A moisture detection circuit (1135) according to one embodiment of the present disclosure may be located between the + terminal (501) and the - terminal (502) of a PCB (1130) that electrically connects the motor assembly (1100) and the battery module (1500).

A moisture detection circuit (1135) according to one embodiment of the present disclosure may be connected to an input port of a first processor (1131) of a motor assembly (1100) included in a PCB (1130) and a + power line that receives power from a battery module (1500).

According to one embodiment of the present disclosure, at least one processor (1010) may include at least one of a main processor (1800) of a cleaner body (1000) and a first processor (1131) of a motor assembly (1100). When the first processor (1131) of the motor assembly (1100) according to one embodiment of the present disclosure identifies that moisture has entered the cleaner body (1000) through a moisture detection circuit (1135), it may transmit information that moisture has entered the cleaner body (1000) to the main processor (1800). The first processor (1131) of the motor assembly (1100) may receive a signal from the main processor (1800) to stop driving the suction motor (1110).

At least one processor (1010) according to one embodiment of the present disclosure can determine whether moisture has entered the cleaner body (1000) based on a result of comparing a voltage value input through a moisture detection circuit (1135) with a reference voltage value.

At least one processor (1010) according to one embodiment of the present disclosure may stop driving of the suction motor (1110) when a voltage value input through the moisture detection circuit (1135) is equal to or greater than a reference voltage value. The reference voltage value according to one embodiment of the present disclosure may be predefined based on a resistance value corresponding to the electrical conductivity of urine of a companion animal.

According to one embodiment of the present disclosure, a voltage value input to at least one processor (1010) through a moisture detection circuit (1135) may vary depending on the electrical conductivity of moisture flowing into the cleaner body (1000).

A moisture detection circuit (1135) according to one embodiment of the present disclosure may include a first moisture detection circuit (1135-1) and a second moisture detection circuit (1135-2) within a PCB (1130) of a motor assembly (1100). Here, the first moisture detection circuit (1135-1) and the second moisture detection circuit (1135-2) may have different distances from a flow path.

At least one processor (1010) according to one embodiment of the present disclosure can estimate the amount of moisture flowing into the cleaner body (1000) through the path using the first moisture detection circuit (1135-1) and the second moisture detection circuit (1135-2). At least one processor (1010) can stop the operation of the suction motor (1110) when the estimated amount of moisture is greater than or equal to a reference amount.

A moisture detection circuit (1135) according to one embodiment of the present disclosure may be provided on the front side of the PCB (1130) or the rear side of the PCB (1130).

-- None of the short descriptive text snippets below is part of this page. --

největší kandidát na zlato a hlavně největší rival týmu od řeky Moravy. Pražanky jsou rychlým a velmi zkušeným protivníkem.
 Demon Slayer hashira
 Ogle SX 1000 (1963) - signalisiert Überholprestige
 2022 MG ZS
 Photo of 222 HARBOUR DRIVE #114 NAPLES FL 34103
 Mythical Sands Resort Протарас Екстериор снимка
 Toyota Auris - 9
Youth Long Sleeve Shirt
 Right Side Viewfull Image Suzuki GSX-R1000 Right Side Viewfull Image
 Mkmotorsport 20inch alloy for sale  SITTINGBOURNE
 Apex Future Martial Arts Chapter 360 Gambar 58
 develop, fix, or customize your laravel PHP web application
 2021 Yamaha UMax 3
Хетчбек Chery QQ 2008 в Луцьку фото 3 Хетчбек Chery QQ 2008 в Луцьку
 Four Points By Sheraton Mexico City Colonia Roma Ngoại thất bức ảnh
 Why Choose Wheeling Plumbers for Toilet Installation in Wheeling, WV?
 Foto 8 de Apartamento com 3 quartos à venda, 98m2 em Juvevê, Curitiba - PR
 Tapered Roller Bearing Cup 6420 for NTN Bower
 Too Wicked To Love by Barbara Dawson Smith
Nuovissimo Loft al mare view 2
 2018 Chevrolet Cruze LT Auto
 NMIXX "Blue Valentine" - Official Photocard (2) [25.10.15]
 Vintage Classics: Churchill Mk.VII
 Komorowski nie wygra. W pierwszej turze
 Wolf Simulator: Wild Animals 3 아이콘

At least one processor (1010) according to one embodiment of the present disclosure may receive information about moisture detection sensitivity set by a user from a server device (300). At least one processor (1010) may change a reference voltage value according to the moisture detection sensitivity set by the user.

The values of the resistors included in the moisture detection circuit (1135) according to one embodiment of the present disclosure can be determined based on a predefined moisture detection sensitivity.

The mounting positions of the resistors included in the moisture detection circuit (1135) according to one embodiment of the present disclosure within the PCB (1130) may be determined based on a predefined moisture detection sensitivity, an internal flow path structure (moisture inflow path) of the cleaner body (1000), a shape (or structure) of a guard mechanism (e.g., cap grill (503)) located on the front side of the PCB (1130), suction strength, etc.

At least one processor (1010) according to one embodiment of the present disclosure can store information in the memory (1900) that the operation of the suction motor (1110) has been stopped due to moisture entering the cleaner body (1000).

A cleaner according to one embodiment of the present disclosure may further include an output interface that outputs a notification message indicating that moisture has entered the cleaner body (1000).

According to one embodiment of the present disclosure, at least one processor (1010) may, in response to a user input for turning on the power of the cleaner, determine whether moisture has entered the cleaner body (1000) through the moisture detection circuit (1135) before driving the suction motor (1110). If the at least one processor (1010) determines that moisture has entered the cleaner body (1000), the at least one processor (1010) may deactivate the driving of the suction motor (1110). The at least one processor (1010) may control a display to indicate that the driving of the suction motor (1110) has been deactivated.

According to one embodiment of the present disclosure, at least one processor (1010) may compare a voltage value input through a moisture detection circuit (1135) with a first reference voltage value before driving a suction motor (1110). If the voltage value input through the moisture detection circuit (1135) is equal to or greater than the first reference voltage value, the at least one processor (1010) may compare the voltage value input through the moisture detection circuit (1135) with a second reference voltage value. If the voltage value input through the moisture detection circuit (1135) is equal to or greater than the second reference voltage value, the at least one processor (1010) may deactivate driving of the suction motor (1110).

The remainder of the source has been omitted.